Assessing the Impact of Changes in Gender Equality on Female Homicide Victimization: 1980-2000

Document Type


Department or Administrative Unit

Law and Justice

Publication Date



Numerous studies have tested the feminist hypothesis that gender inequality affects homicide rates by analyzing Census and Uniform Crime Report data for a single time period. Although these “snapshot” tests are important, they do not capture the “change” element that is implied by these hypotheses. According to feminist perspectives, gender inequality and gender equality could increase homicide rates, the former increasing the structural disadvantage of women relative to men and the latter representing a “backlash” effect. Women’s absolute status may also be an important predictor of homicide victimization. Furthermore, it is quite possible that this process is dynamic and therefore the change in equality over time may be more important than the actual level of equality at any given time.

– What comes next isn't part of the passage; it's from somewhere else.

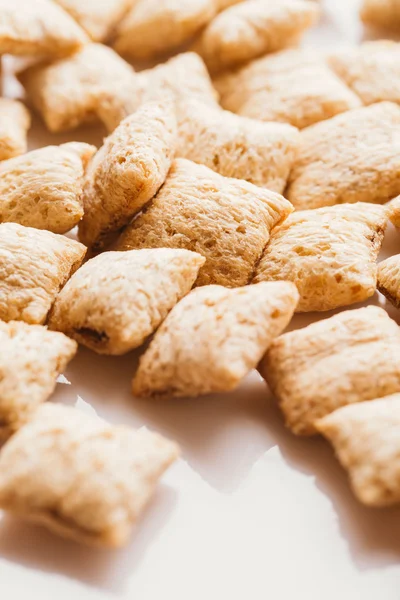 Mısır gevreği yastıklar üzerinde beyaz arka plan doldurarak çikolata ile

The present study measures the impact of gender equality and women’s absolute status on female homicide victimization using city-level data from 1980 to 2000. In general, the results suggest that changes in gender equality and women’s absolute status have decreased women’s rate of homicide victimization, and the negative effect of gender equality appears to have grown stronger over time; however, these results are not uniform across victim–offender relationships.


This article was originally published in Crime & Delinquency. The full-text article from the publisher can be found here.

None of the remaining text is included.